------ Provided information ------

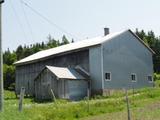 135, rang Sainte-Marie-Anne (avec hangar). Grange. Vue d'ensemble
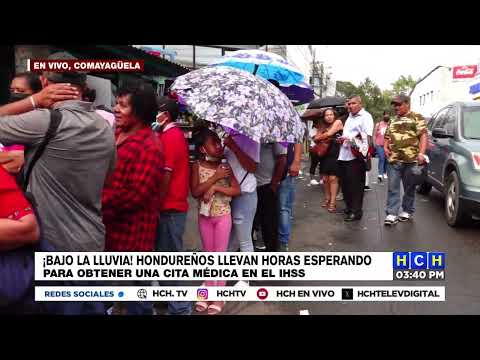 ¡Bajo la lluvia! Hondureños esperan una cita en el IHSS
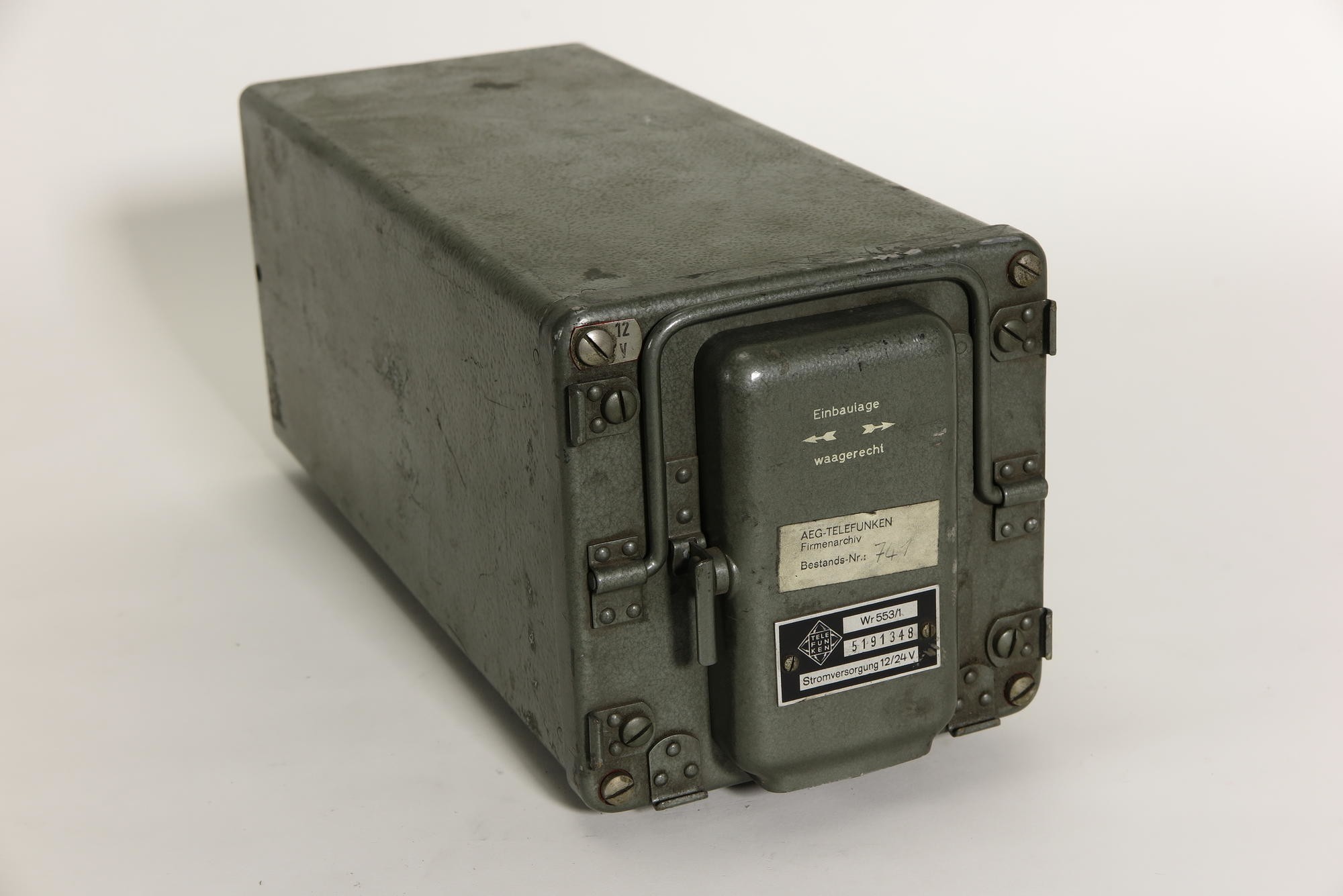 Batteriestromversorgung (Wechselrichter) Telefunken Wr 553/1 zu Funkanlage 80/160 Dora 2-S (Stiftung Deutsches Technikmuseum Berlin CC0)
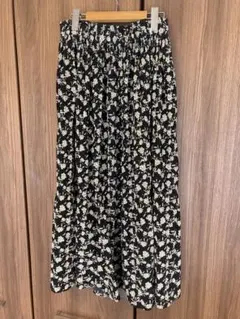 美品です。journal standard 花柄プリーツスカート 黒と白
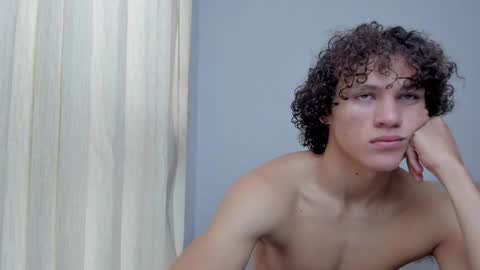 Snapshot of laureent__ chatting on December 29, 2024, 3:57 pm Laureent online show from December 29, 2024, 3:57 pm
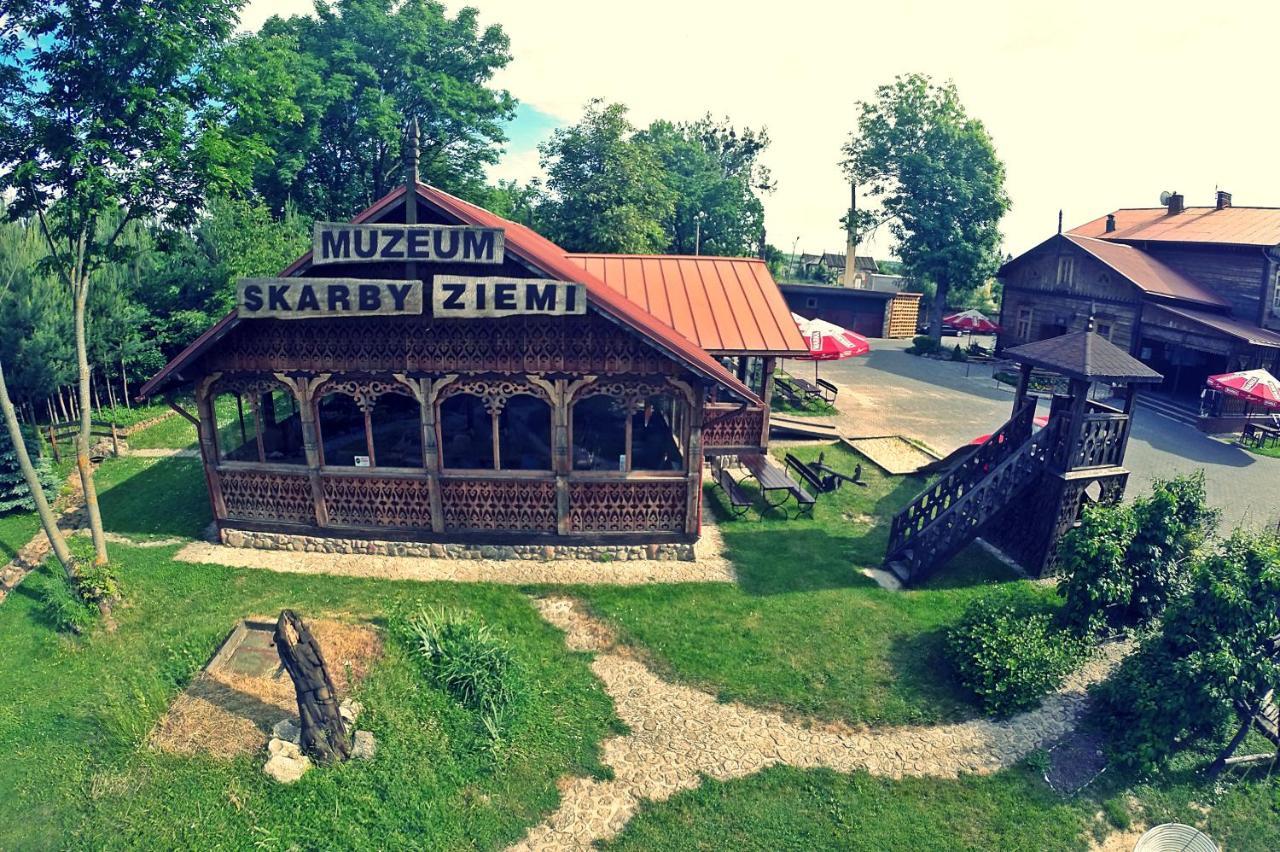 Noclegi Przy Restauracji KlemensSzczebrzeszyn エクステリア 写真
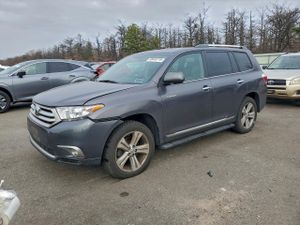 Toyota Highlander LIMITED 3.5L 6 2013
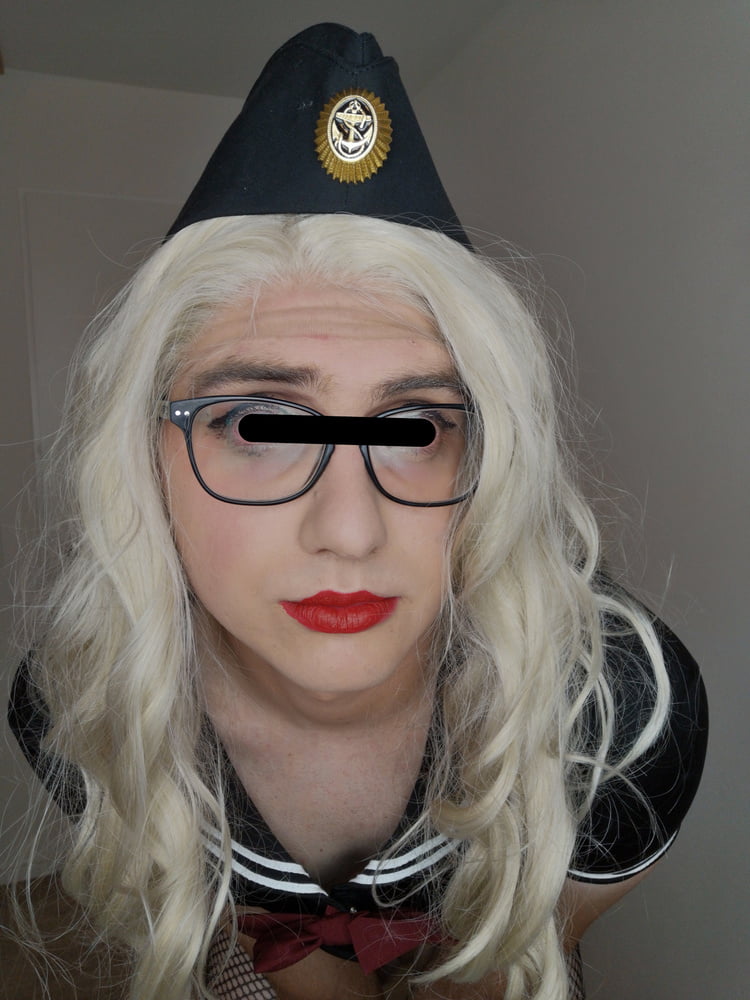 Blonde sissy officier de marine au rapport pour le service
 #106840308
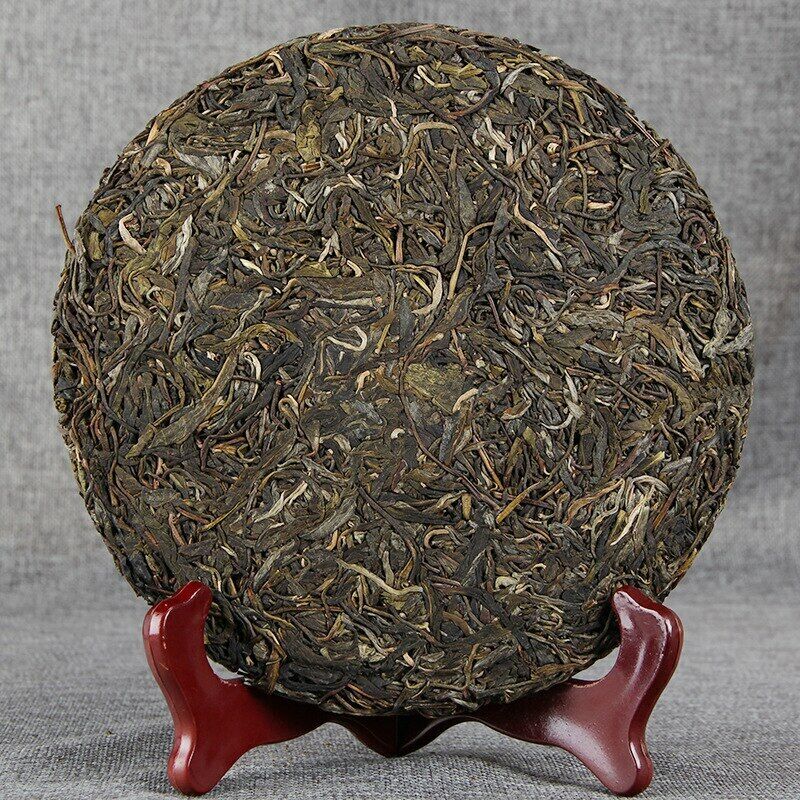 Yunnan Classical Old Tree Puer Tea Spring of Jingmai Cha Puer Tea Cake 357g Secondary image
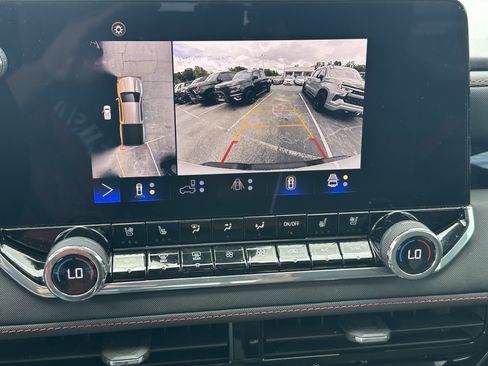 Certified 2024 Chevrolet Colorado Z71 w/ Z71 Convenience Package 2 image 30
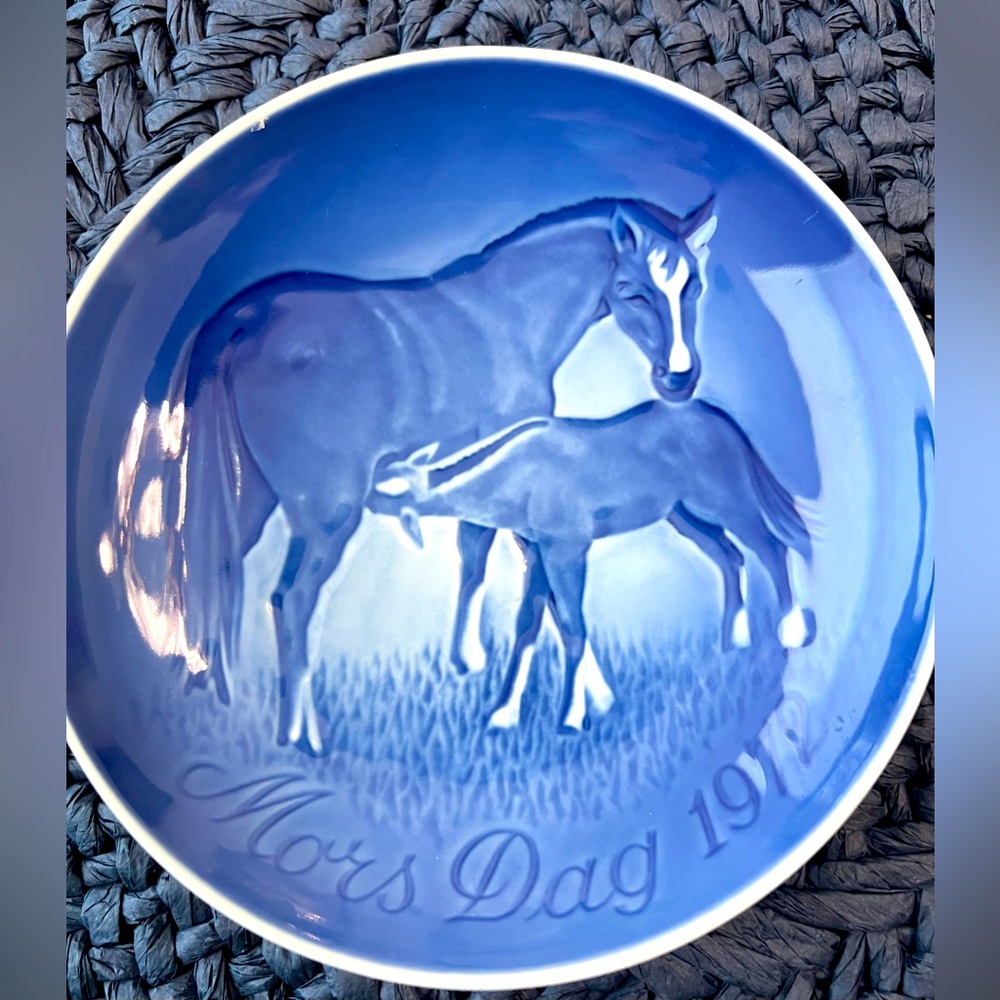 Bing and Grondahl 6” Horse plate Mother’s Day collection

------

Work required
Start at the first line of the records and write out everything up to and including the line containing "美品です。journal standard 花柄プリーツスカート 黒と白". No pictures.

Task output
 135, rang Sainte-Marie-Anne (avec hangar). Grange. Vue d'ensemble
 ¡Bajo la lluvia! Hondureños esperan una cita en el IHSS
 Batteriestromversorgung (Wechselrichter) Telefunken Wr 553/1 zu Funkanlage 80/160 Dora 2-S (Stiftung Deutsches Technikmuseum Berlin CC0)
 美品です。journal standard 花柄プリーツスカート 黒と白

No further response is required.